A megatsunami occurred either at the very end of the eruption or shortly thereafter. Tsunami deposits were formed over a wide area along the coast of Western Japan, certainly up to 300 km away where some Kikai-Akahoya tephra was deposited after the tsunami, which was not the case closer to the eruption. The cause of the tsunami is not well understood, but one possibility given the timings would be collapse of the caldera rim.

===Deposits===
The total bulk volume of the eruption is now estimated at 133–183 km3 DRE, about double previous estimates, noting that the headline volume estimates at 332–457 km3 relate to lighter deposits such as pumice, than typical for lava that is used in DRE calculations. The eruption was partially submarine and a fuller understanding of its character required the realisation that part of the pyroclastic density current had been transformed into a subaqueous density current that contributed to a total seafloor deposit volume of 71 km3. The caldera bottom itself is 300–500 m under the sea, and most of the land deposits that are easier to study commence from about 40 km from the caldera. The depth of some of the eruption is important as seafloor-hugging density currents are not described in shallow underwater settings. Ignimbrite deposits on land exist with a volume of 5 km3, and the widespread tephra which is now known to cover an area of 4500 km2 has a volume of 249–374 km3. The main climactic ignimbrite is largely dry, so not all the main eruption happened from vents that remained underwater or were underwater. Previous studies of mainly land-based tephra deposits had led to uncorrected volume estimates of 150 km3 later increased to 170 km3. These were later analysed to give dense rock equivalents so the Koya (Takeshima) Pyroclastic Flow (K–Ky) with its estimated total volume in three phrases of 30–45 km3 was assigned a DRE volume of 15–25 km3. The Kikai-Akahoya Volcanic Ash (K–Ah) with a volume of 100 km3 gave a DRE volume of 50 km3. Until the presence of a subaqueous density current was understood, a VRE of 7.2 had been estimated, with a total DRE volume of 70–80 km3 Sea level would have been lower than present at the time of the eruption but would have reached present levels within a thousand years. The magma chamber that fed the majority of the eruption is estimated to be 3–7 km below the surface.

==Retrospective dating==
Archaeologically it has been dated around 7,300 cal. BP during the earliest stage of the Jōmon period, but it had also been uncorrected radiocarbon dated to as recently as 6,500 BP. The current accepted calibrated dating adjustment from multiple other sources is between 7165 and 7303 years before present.

==Aftermath==
This eruption has been linked to the end of the initial Jōmon culture in southern Kyūshū, but its impact, although marked, was not as great as some commentary had suggested with Nishinozono sub-type pottery tradition, that had started prior maintained throughout and after the eruption sequence in Kyūshū. It took nearly 1,000 years to recover. Jōmon who lived further away survived such as on northern Kyūshū, Honshū and Hokkaidō but likely had to revert for a period to maritime food sources mainly.

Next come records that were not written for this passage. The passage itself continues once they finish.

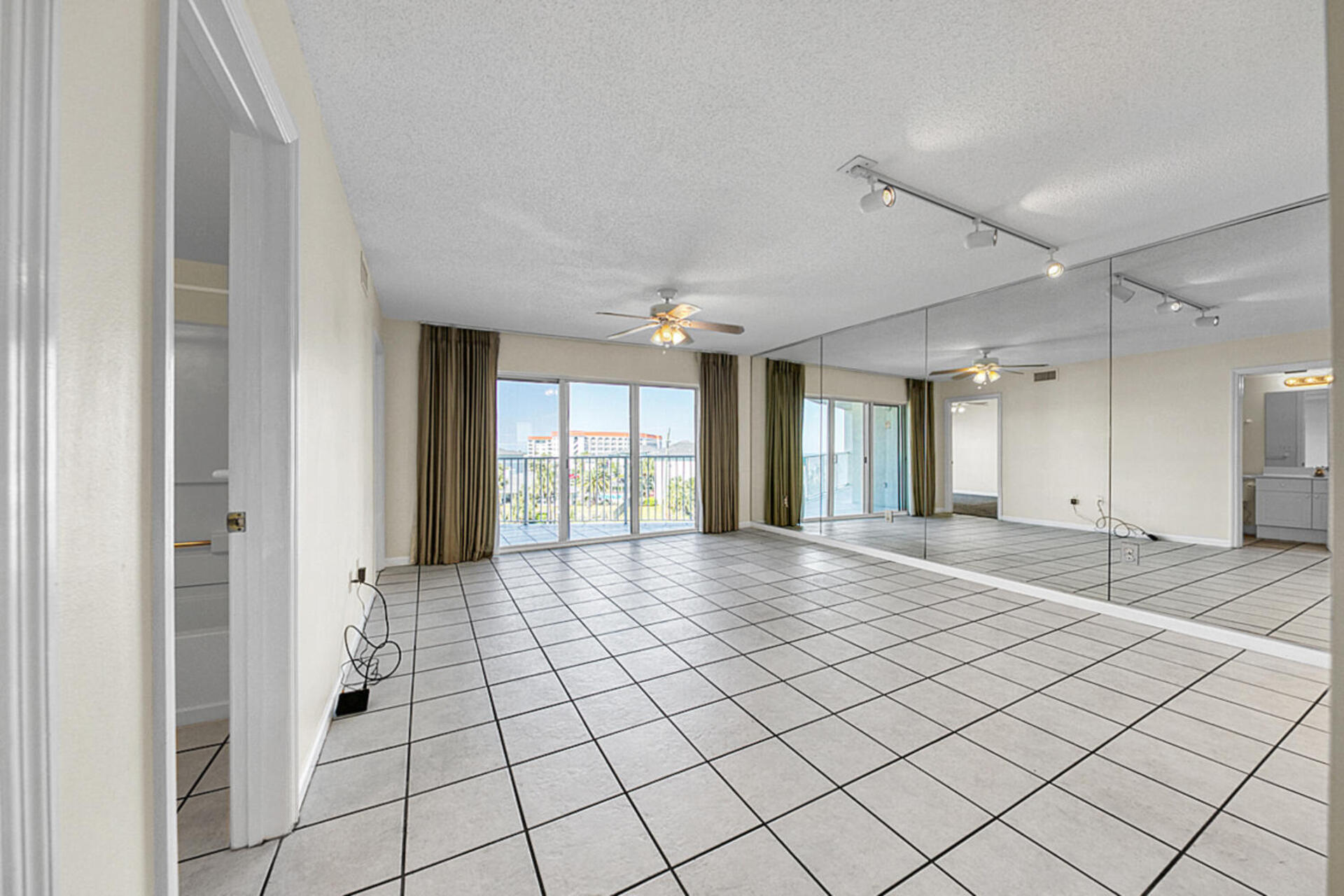 SEACREST CONDOMINIUMS - Residential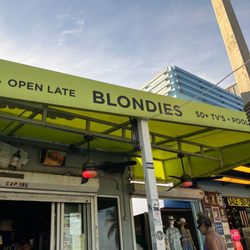 Blondies - Front of establishment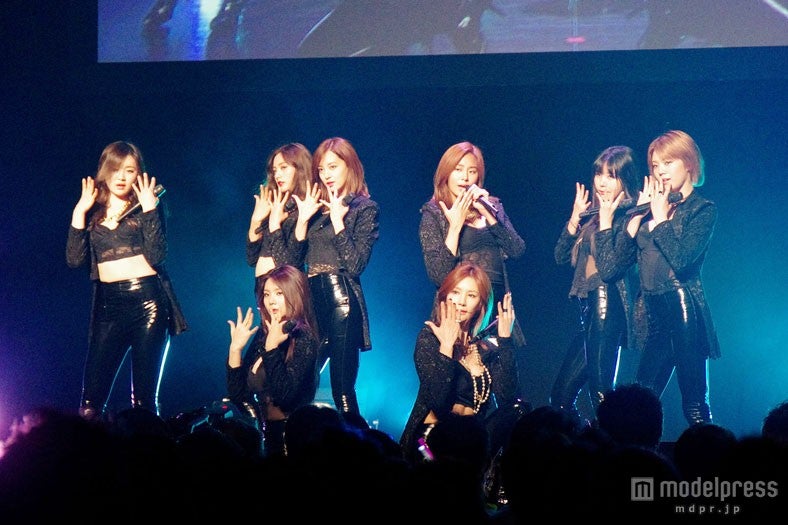 パフォーマンスの様子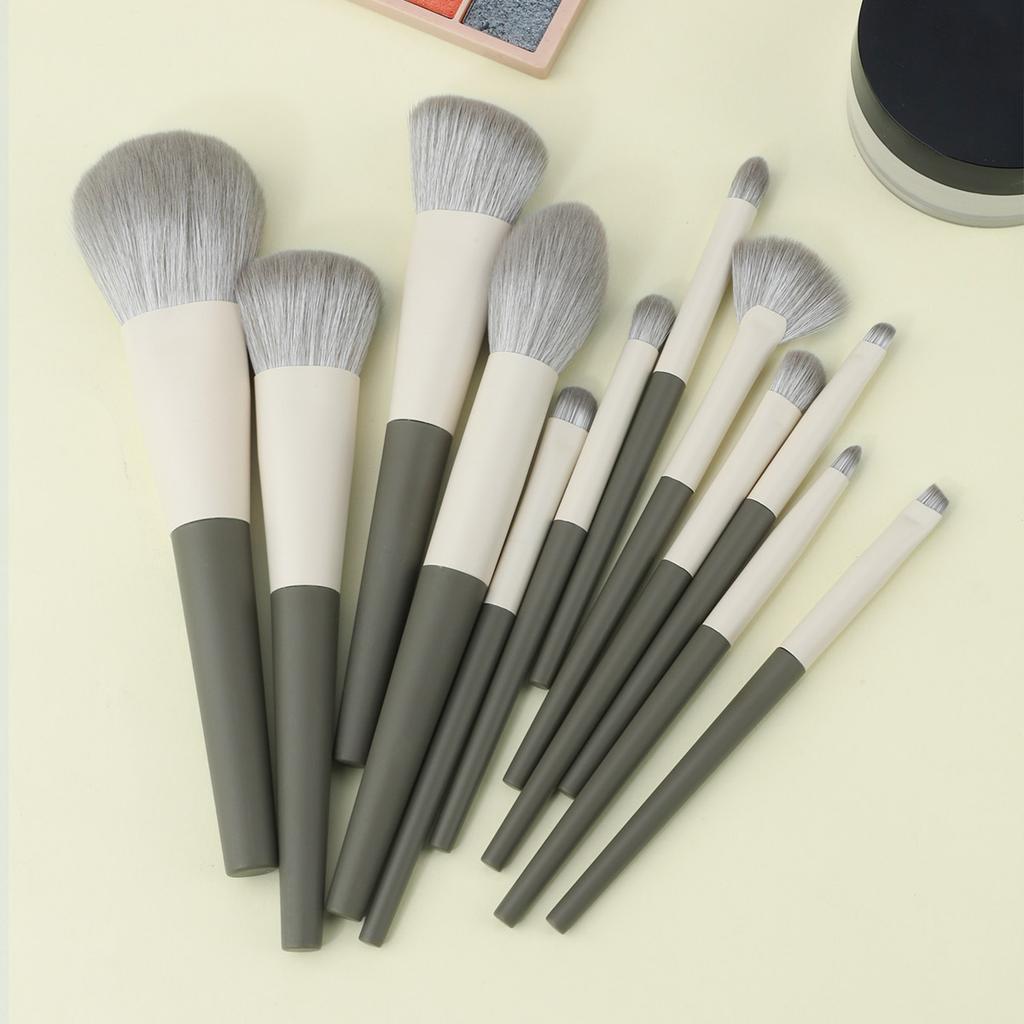 12Pcs Makeup Brushes High Quality Wooden Handle Beginner's Full Set Of Powder Brush Eyeshadow Brush Facial Beauty Tools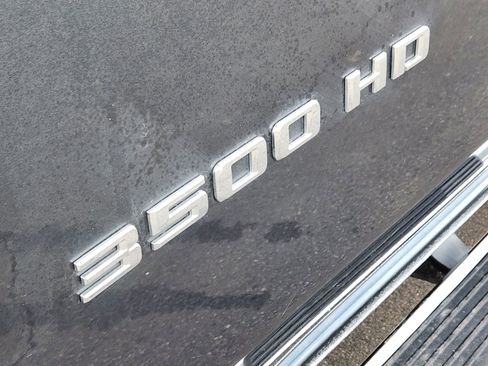 Used 2020 Chevrolet Silverado 3500 LTZ image 16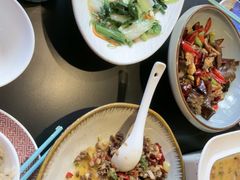 -桥边小楼·手工云南菜·古城观景小楼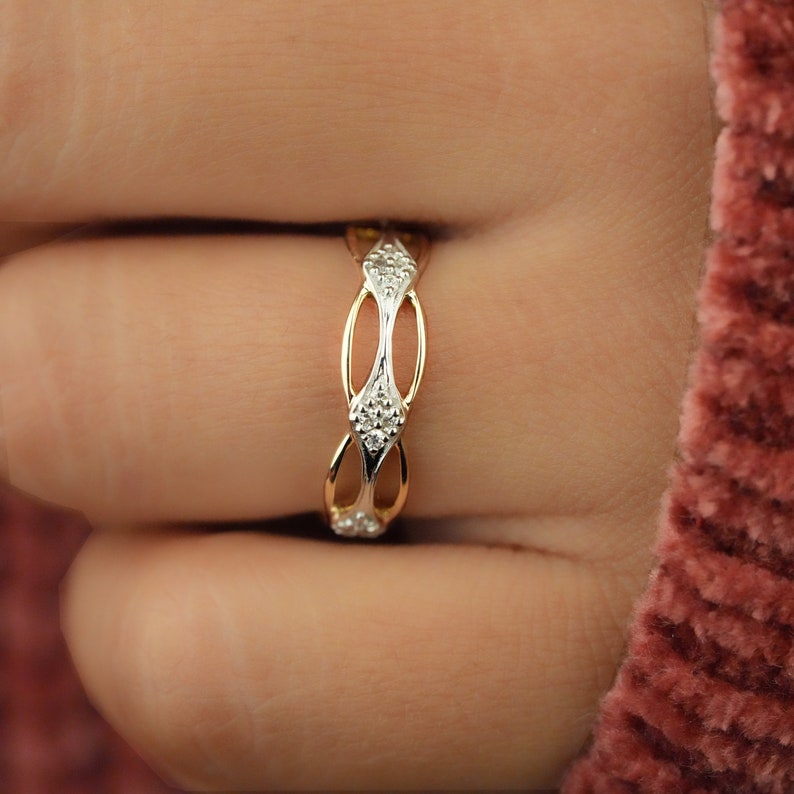14K Gold Marquise Link Band Minimal Dainty Ring for her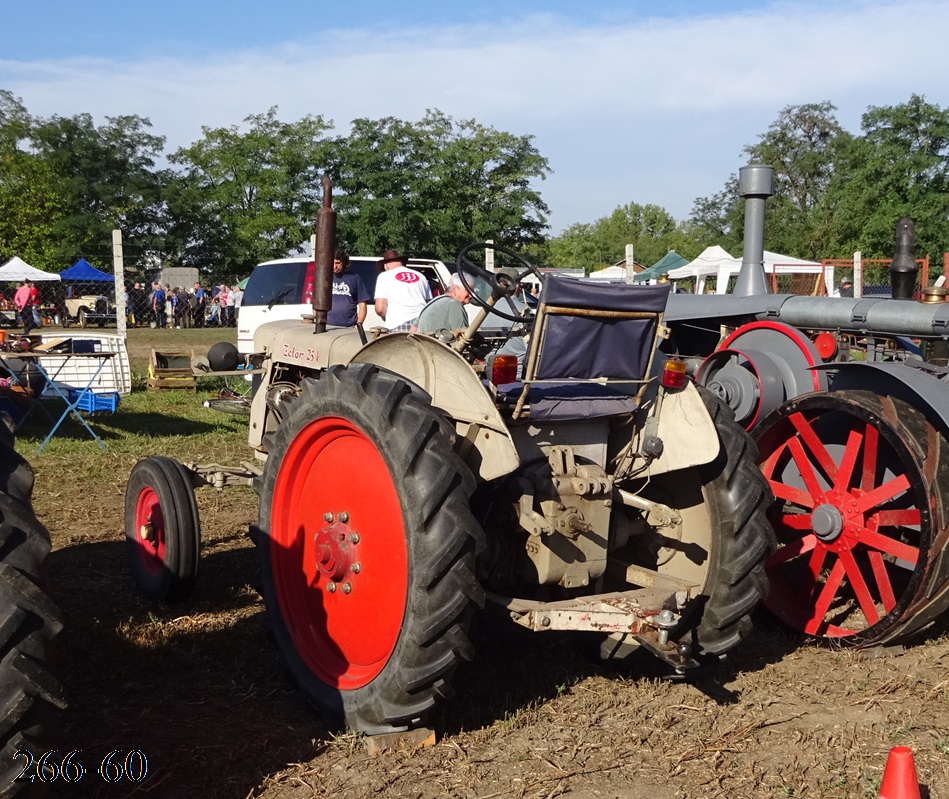 Венгрия, № (HU) U/N ST 0102 — Zetor 25, 25K; Венгрия — XV. Kiskunhalasi Veterán Traktorok és Motorok Találkozója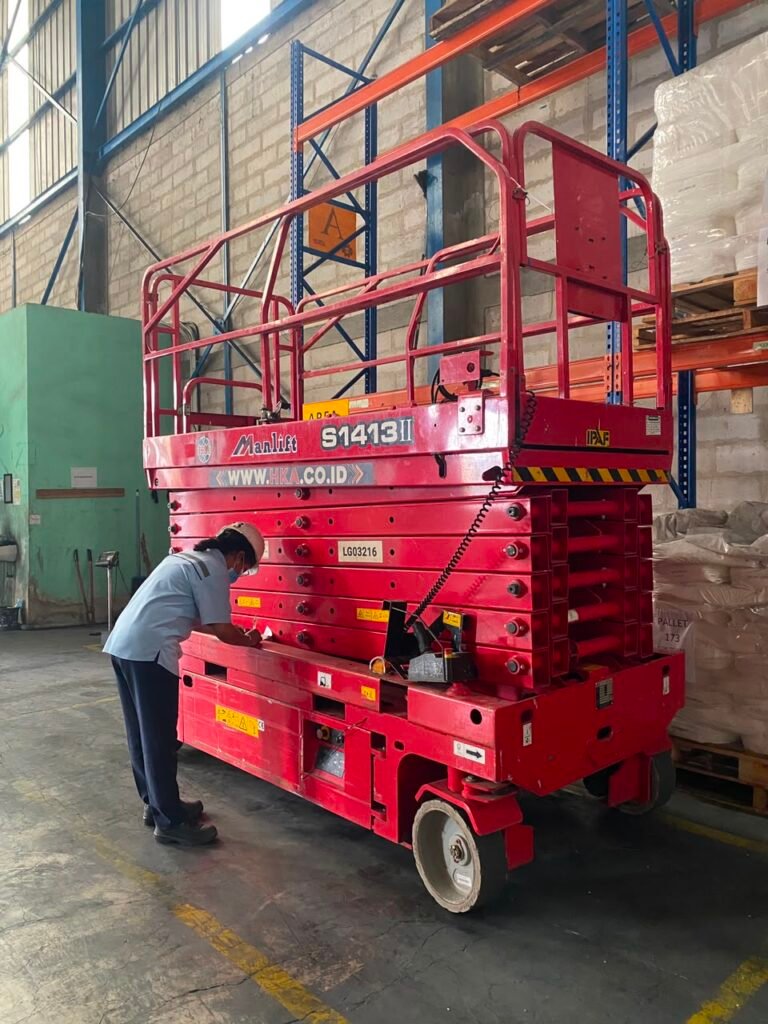 Mengenal Scissor Lift: Solusi Kerja Vertikal yang Aman dan Efisien di Ketinggian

The fate of the initial Jōmon culture on south Kyūshū does not quite parallel the demise of the Minoan civilization, which may have ended as a consequence of another massive volcanic eruption.

These events give more credence to cultural traditions that maintain stories of established cultures vanishing quickly and completely. However, while the demises happened in (Holocene) human history, in two very different parts of the world, the time scales of both were more gradual than some work suggests, allowing alternative suggestions as to all the mechanisms involved. The associated issues have resulted in deeper study into the effects of volcanic activity on both human cultural development and social perception of volcanic risk.